For more on this (admittedly broad) topic, I also recommend Atul Gawande’s The Checklist Manifesto: How to Get Things Right.  (For previous posts on the benefits of checklists, see here, here, and here).
 

Understanding and Implementing Technology is (a Part of) the Solution

Of course, implementing policies and processes does not minimize the importance of understanding technology- doing so merely helps define technology’s proper role in your organization.  Because your organization stores, creates, and shares information electronically, you simply cannot manage that information without understanding it. 

The American Bar Association House of Delegates recently amended the comment to Model Rule 1.1 “Competence” to include technology: “To maintain the requisite knowledge and skill, a lawyer should keep abreast of changes in the law and its practice, including the benefits and risks associated with relevant technology, engage in continuing study and education and comply with all continuing legal education requirements to which the lawyer is subject.” (new language in italics).  (The language without the italics is found in Comment 6 to Rule 1.1 of the South Carolina RPC.

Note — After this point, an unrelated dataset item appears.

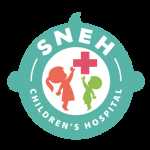 Sneh Children Hospital Profile Picture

This does not mean that every lawyer must learn to write software code, or understand exactly how RAM works.  But you do have to know what you don’t know.  Bob Ambrogi offered a very succinct explanation of this point:

Fortunately, the ABA rule does not require that we all run out and enroll in advanced courses at MIT. We can understand the “benefits and risks” of technology without understanding its most-intricate inner workings. I have long believed that a key to technological competence is knowing what you don’t know. Lawyers don’t have to be IT professionals or engineers — but they need to know when they need one. 

A thorough understanding of how information flows within (and without) your firm, and having a plan to manage it (policies and processes) will put you in a better position to “know what you don’t know.”

Conclusion

Protecting the electronic file may be more complicated, but no less important for attorneys.  Consider processes, policies, technology, and the people who use and implement them in order to continue to meet your obligations under the RPC.